360 | Crítica
É bem óbvio que 360 é um filme tão de Peter Morgan quanto de Fernando Meirelles e isso não é um comentário qualquer, é um elogio. Acho Frost/Nixon e Jardineiro Fiel, respectivamente de Morgan e Meirelles, dois filmes dignos de entrar em um Top 10 dos melhores que eu já vi e por isso estava um pouco apreensivo com a repercussão fria que 360 estava tendo.
Talvez a explicação óbvia para esse tipo de repercussão seja que 360 é um tipo de filme sem uma estrutura narrativa padrão, sem antagonista, sem inicio, sem meio, sem fim e até sem propósito e talvez pela dita “ambição” pré-conceituada quanto a ele devido ao fato de ser falado em varias línguas, mostrar uma tênue conexão mundial e se passar em vários países.
Mas é injusto ao menos dizer que o filme é ambicioso e que ele não tem antagonista, os antagonistas estão dentro de cada personagem e justamente por isso é difícil enxergar ambição quando temos uma história tão intimista e com um conceito tão bacana diante de nós.
A ideia que só é engatilhada pela peça La Ronde de Arthur Schnitzler e não adaptada dela, mostra como uma prostituta de “boas intenções” eslovaca atrapalha a vida de um casal em Londres, que influencia em dois brasileiros que moram lá, que por sua vez influenciam em um homem a procura de sua filha, que por sua vez influencia na decisão sobre o fim do casamento de uma espanhola com um russo que vivem em Paris e com isso influencia a vida da mesma prostituta eslovaca.

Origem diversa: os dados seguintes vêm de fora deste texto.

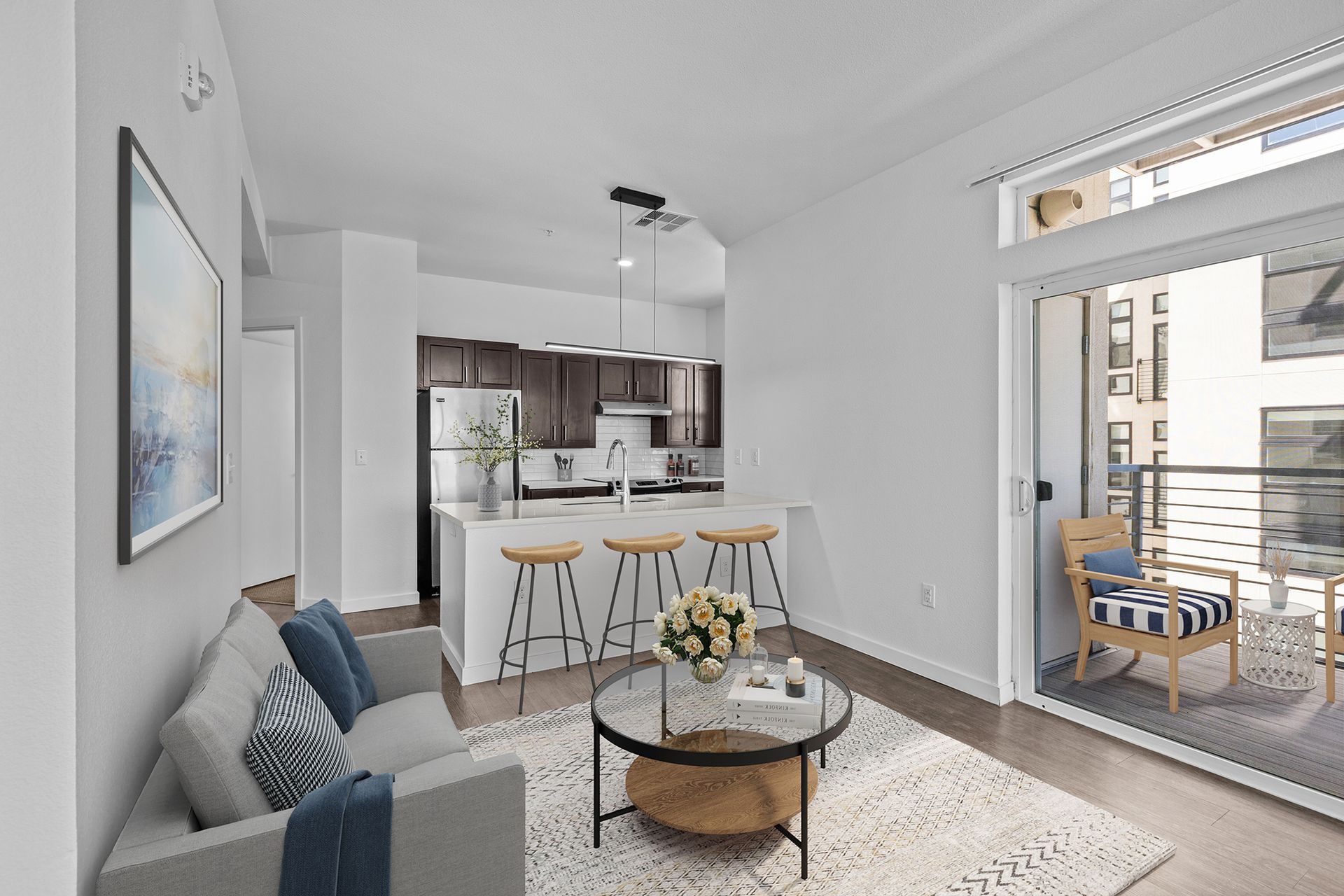A living room with a couch , table , chairs and sliding glass doors leading to a kitchen.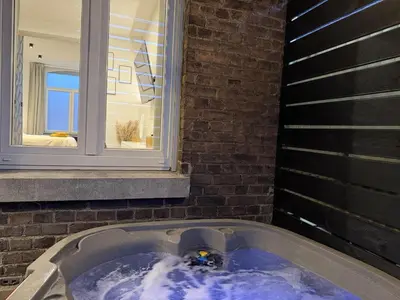 a jacuzzi tub in front of a window at Suite Luxueuse avec jaccuzi sans vis-à-vis in Liège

Esse círculo fechado mais a idéia da impulsividade ou hesitação quanto às bifurcações da vida são o foco principal da trama que é bem fechada em seus protagonistas, que são todos os personagens em tela.
Assim como Walter Salles fez com Na Estrada, seria difícil com tantas histórias a serem contadas se identificar com um personagem, então Meirelles sabiamente chamou um elenco de peso para nos transmitir uma primeira empatia, nomes como Rachel Weisz, Jude Law e os arrasadores Anthony Hopkins e Ben Foster que dão um show a parte. Além dos brasileiros Juliano Cazarré e Maria Flor que estão muito bem em cena.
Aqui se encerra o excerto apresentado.